Offshore firm to pay $2.4M to settle H-1B wage case

Patni Computer Systems blamed an 'accounting error'

One of the largest users of H-1B visas, India-based Patni Computer Systems Inc., is paying $2.4 million in back wages to 607 of its H-1B employees as part of an agreement announced today by the U.S. Department of Labor.

Labor officials said that Patni failed to pay the prevailing wages due the employees between January 2004 and December 2005. The law requires H-1B employers to pay wages similar to what a U.S. worker would receive for the same kind of work.

Patni spokesman Gene Carozza said the back wage problem was "due to an accounting error that has since been rectified."

This may be the largest H-1B wage settlement case ever reached by government, and it involves an investigation that spanned 32 states, according to John Chavez, a labor department spokesman. In total, the settlement would amount to nearly $4,000 in back wages per employee if the money were split evenly among them, which it most likely is not. "The main objective (of the settlement) is to make [employees] whole," said Chavez.

In a statement, Labor Secretary Elaine Chao said that "the department is committed to vigorously enforcing the H-1B provisions that guard against employers undercutting American workers by underpaying temporary foreign workers."

Patini, which has its U.S. headquarters in Cambridge, Mass., and global headquarters in Mumbai, received 1,391 H-1B visas in fiscal year 2006. The company was one of nine firms that last month received letters from U.S. Sens. Dick Durbin (D-Ill.) and Chuck Grassley (R-Iowa) seeking additional information -- including wage data -- about its use of H-1B visas.

Patini has about 13,000 employees and reported $156 million in revenue for the quarter that ended March 31.

While the Labor Department has in the past barred some companies from using the H-1B program because of violations -- and has published a list of those companies -- there was no evidence of a willful violation by Patni in this case, Chevez said.

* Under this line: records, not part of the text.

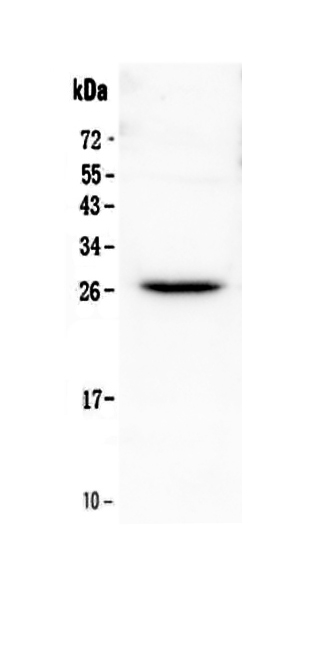 1 - Anti-Flt3 ligand Picoband Antibody ABO13040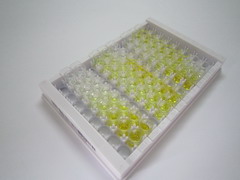 ELISA Kit for Hepatitis A Virus Cellular Receptor 2 (HAVCR2)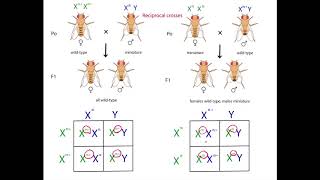 Xlinked Genes Patterns of Inheritance [upl. by Alida]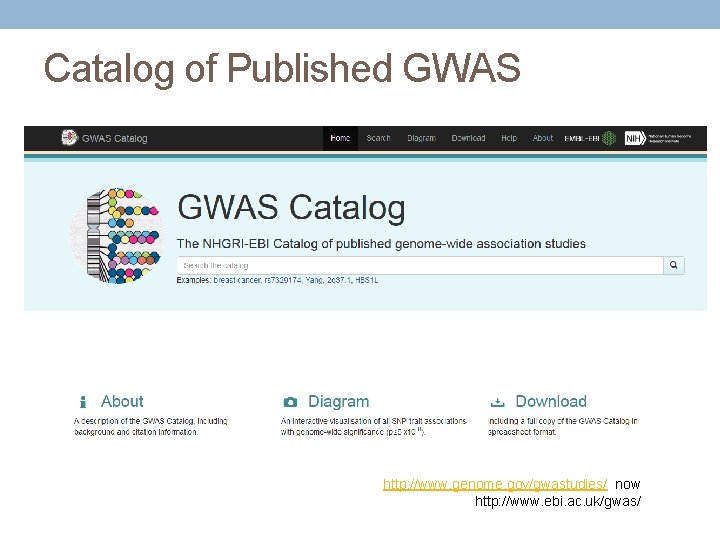 Catalog of Published GWAS http: //www. genome. gov/gwastudies/ now http: //www. ebi. ac. uk/gwas/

For a company to be considered a willful violator, it must meet a list of conditions that includes misrepresenting information on the Labor Condition Application, which is used by firms to indicate prevailing wage.

The enforcement action announced today comes at the same time some U.S. senators, including Durbin and Grassley, are pushing for changes in the H-1B program that would give the Labor Department more manpower and authority to investigate companies that use the visa program.

The settlement's timing could raise eyebrows, and Ron Hira, an assistant professor of public policy at Rochester Institute of Technology in New York who has testified before Congress on the H-1B issue. "Our focus should be on the fact that many companies are in compliance with the law but are able to pay lower wages" than those paid to U.S. workers.